We thank the reviewer for pointing this out. The visible bands in the water control correspond to the primer dimers. The primers used in this study are between 22 and 28 bases (please refer to table S1 for more details), their dimers are around 50 bp, they correspond to the signals that we see at the bottom of each track of the agarose gel shown in this figure, it is thus not a contamination but the reflect of the excess of primers.
We understand that the illustration presented initially in the figure raised questions for reviewer, we therefore propose a new illustration of the MS-PCR of RASSF2 with more clear annotation to avoid any confusions for the readers.
Again, all PCR data should be provided in supplementary data so data robustness can be determined.
With all due respect for this reviewer, it is uncommon to publish the all PCR data, we hope that with the new figure of a typical RASSF2 promoter methylation test result, the reviewer will be more convinced of our data.

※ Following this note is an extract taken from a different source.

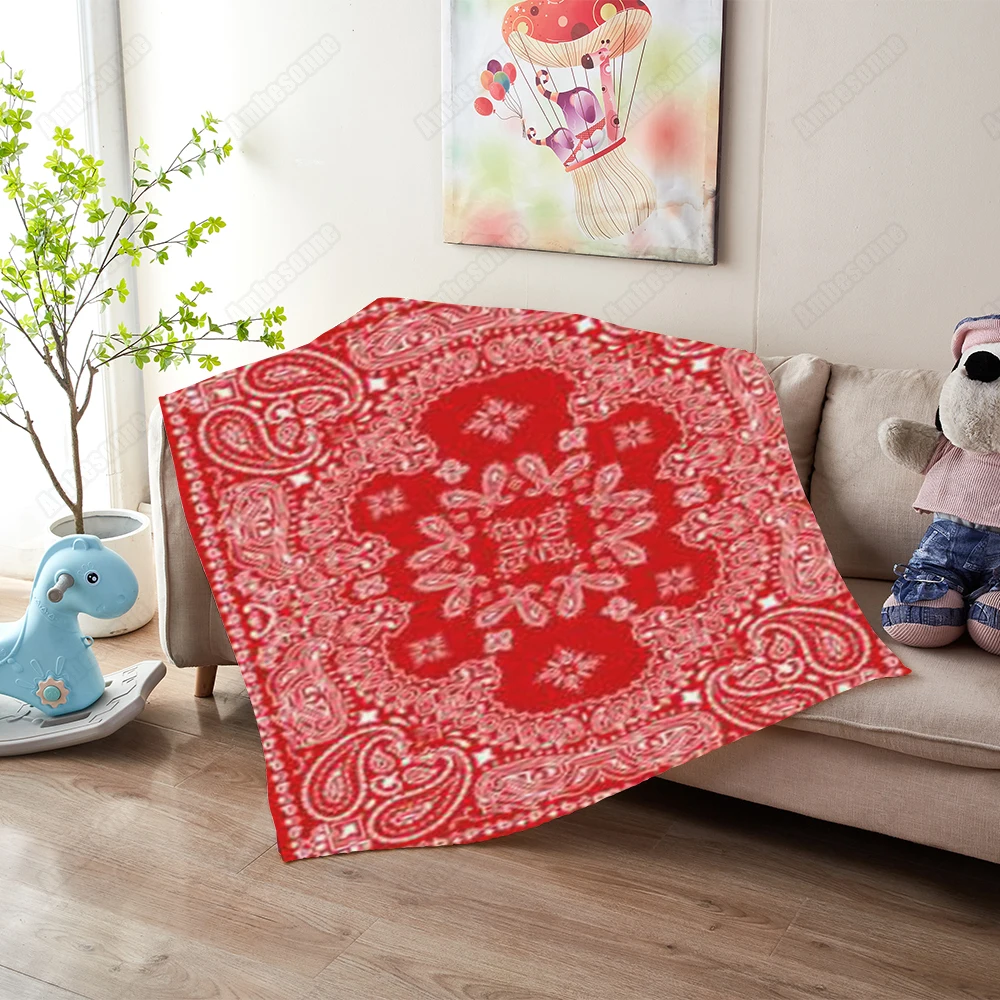 

Classic Paisley Pattern Throw Blanket Red Blanket Bohemain Mandala Print Blankets For Beds Sherpa Fluffy Bed Spread Soft Blanket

We also take the liberty of indicating to this reviewer that the validation of these PCRs was previously published in Levallet et al, 2019 (DOI: 10.1016/j.jmoldx.2019.03.007).

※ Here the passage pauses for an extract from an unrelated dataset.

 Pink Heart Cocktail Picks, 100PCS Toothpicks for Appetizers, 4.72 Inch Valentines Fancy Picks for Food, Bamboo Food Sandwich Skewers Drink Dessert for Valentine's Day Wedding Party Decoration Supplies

In addition, we questioned the TCGA database to test if our results were found in another cohort. Analysis of the influence of the expression level of RASSF2 mRNA was performed in 438 patients with colon cancer. Patients were classified according to whether their tumor strongly (n= 336) or weakly (n=102) expresses the RASSF2 mRNA. Survival analysis reveals that the low RASSF2 mRNA expression (possibly due to hypermethylation of the RASSF2 promoter) predicts significant worse overall survival in 438 patients with colon cancer (P score: 0.038, Expression of RASSF2 in colorectal cancer - The Human Protein Atlas). We have added this information in the results of the revised manuscript, and in figure S5.
Figure 2 C: The take home message of this paper is that HYPERMETHYLATED RASSF2 yields a poorer prognosis yet in this figure the opposite is shown. Hypermethylated RASSF2 provides greater patient survival. Is the graph incorrectly labelled?

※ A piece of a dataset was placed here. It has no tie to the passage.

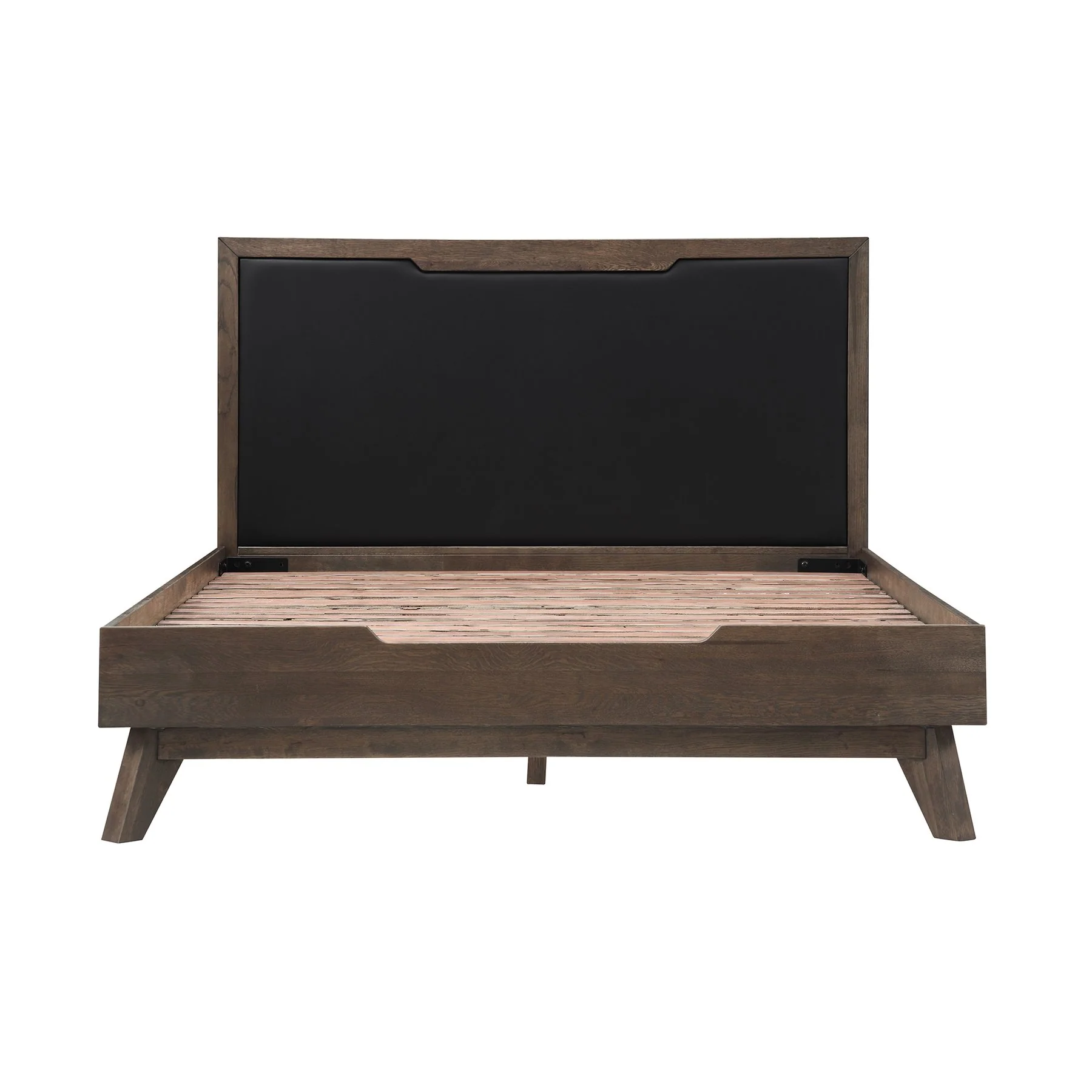 Astoria 4 Piece Queen Bedroom Set in Oak with Black Faux Leather - Image 2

We thank the reviewer for pointing this out and we apologize for this carelessness. Indeed, there was an error in this the graph and the two legends were reversed.
This is why I have given a low score for scientific soundness. I would expect this to be improved significantly as revision.
We understand this point of view and hope to have met the expectations of this reviewer.
Further suggested improvements
This paper would benefit from the inclusion of more data (which they have generated but not shown here). Perhaps a heat map type diagram depicting the data from each patient sample so that patients with more than one hypermethylated hippo component and/or mutation status can be observed by the reader. I feel that the authors have undersold themselves by not showing more of the actual data they have generated.
We thank this reviewer for this very interesting suggestion. Following its recommendation, two heat maps were added regarding the results of RASSF/hippo pathway actor methylation data as well as clinical and histological data (Figure 1 and Figure S4).
Round 2
Reviewer 1 Report
The authors have addressed all my concerns.
Reviewer 2 Report
Authors’ addressed the concern of this reviewer and it’s now suitable for publication in this journal.
Reviewer 3 Report
Thank you for responding to my comments appropriately. I now feel that this study has appropriate robustness to be published.
There is a typographical error in Figure 1 legend "stagging" instead of staging.
I have looked to the publication which describes the RASSF2 primers. Indeed, they also have a problem with primer dimer but observe a different banding pattern. However, with the added annotations and the inclusion of validation in another data set I am satisfied that conclusions based on the data are genuine.